Three local bus systems operate in the Iowa City vicinity--the University's bus system, called "Cambus;" the Iowa City public bus system; and the Coralville transit system. The central departure and arrival point for all these systems is the corner of Clinton and Washington Streets. You can check bus routes and schedules of all these bus lines on eBONGO, a GPS-based, real-time passenger information system. You can either see the eBONGO website or use the eBONGO app on your smartphone. Note: Of these bus lines, only some Cambus routes operate on Sundays.
The Cambus is a free means of getting around campus. Rectangular, black and white “Cambus” signs mark the places where Cambuses stop. Cambus schedules vary with the academic calendar. You can consult the UI Cambus website, UICambus Facebook page, or the UICambus Twitter for important service updates and announcements. See the Cambus website or eBONGO for complete information about other routes.
Iowa City Transit System
Iowa City's public bus service is better and less expensive than that of most American cities. Service is provided between 6:00 a.m. and 9:30 p.m. Mondays through Fridays and between 6:00 a.m. and 6:30 p.m. on Saturdays. No service is available on Sundays. Complete details about routes, fares, transfers and related matters is on the Iowa City Transit website and at eBONGO.
Coralville Transit System
There is a separate bus company based in Coralville, the community adjacent to Iowa City. To get information about Coralville Transit schedules and routes, use the Coralville Transit website or the eBONGO system, or call 319-248-1790. Coralville buses are blue in color.

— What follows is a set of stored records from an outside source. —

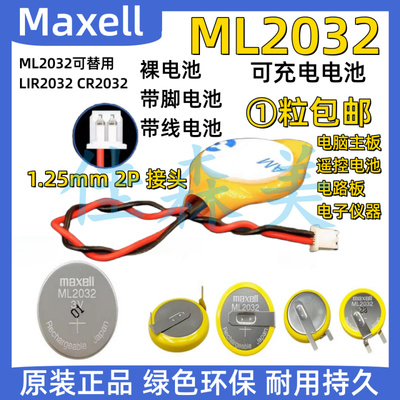 Maxell主板纽扣电池ML2032可充电3V带卧式焊脚代替CR2032 LIR2032
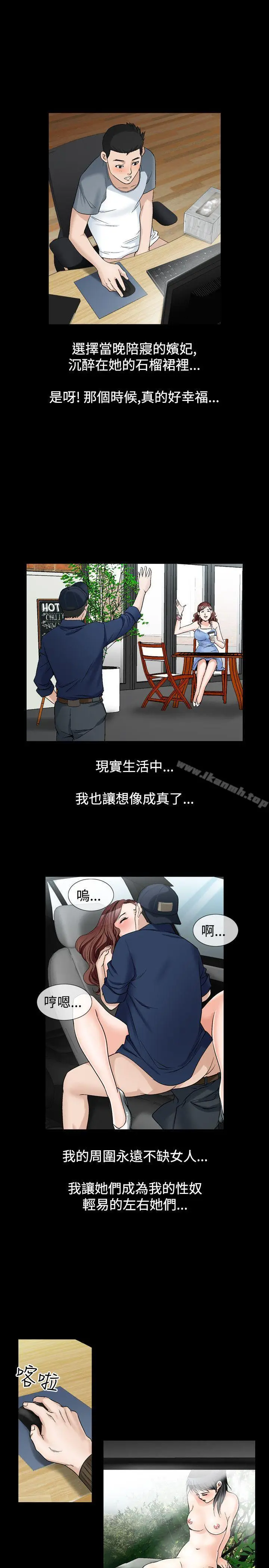漫画《人妻的解放》第21话第9张图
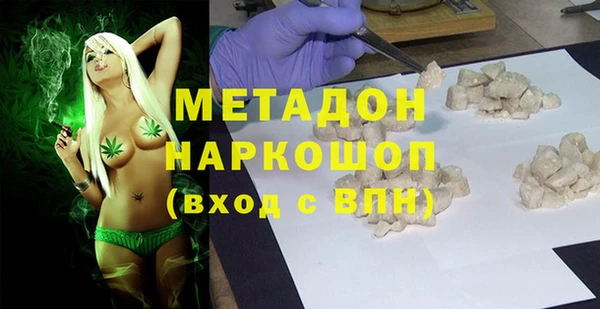 прущий лед Аркадак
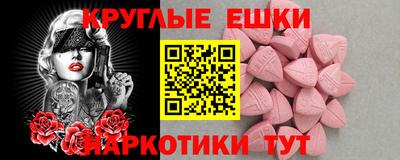 прущие крисы Балашиха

There are several taxicab (usually called "cab") companies in Iowa City. Taxicabs have meters that register the fare a passenger must pay. It is customary to pay an additional 10 to 20 per cent of the fare as a "tip." Many of these companies provide transportation between Iowa City and the Eastern Iowa Airport.
Intercity bus service is a transportation resource for people in Iowa who do not drive or choose not to drive. The service allows them to reach destinations across the country. For more information visit the Iowa Intercity Bus Line or Google companies such as Greyhound, Burlington Trailways, Megabus, etc.
The airport nearest Iowa City is the Eastern Iowa Airport, which is on the outskirts of Cedar Rapids, about 20 miles away.
You can make reservations for air travel directly with an airline, through a travel agency, or with one of several websites, like KAYAK, Priceline, etc. that sell tickets on behalf of several airlines. Ask friends or acquaintances what sites they have found helpful.
Transportation Service to/from the Eastern Iowa Airport
Please see https://flycid.com/ground-transportation/ for means of transportation.
The railroad line is known as Amtrak. It stops in Mt. Pleasant, Iowa (about 50 miles from Iowa City) and in Davenport, Iowa (about 51 miles from Iowa City). Train service in the U.S. is not of the high quality found in Japan or Europe, but it can be an interesting way to see the country. For more information on Amtrak, please see https://www.amtrak.com/home.html.
Any licensed driver can rent a car for a day, weekend, week, or month. Prices vary, so you should call a number of agencies and ask about their charges.
Iowa City and the University of Iowa have a contract with Zip Cars which may be rented by the hour or the day.
You may also Google "Iowa City car rental" for a number of local businesses that rent cars.
It is unusual on American highways to see people hitchhiking, that is, standing beside the road and indicating with a thumb or sign that they want a ride in a passing car. Hitchhiking is illegal in many states and is considered dangerous.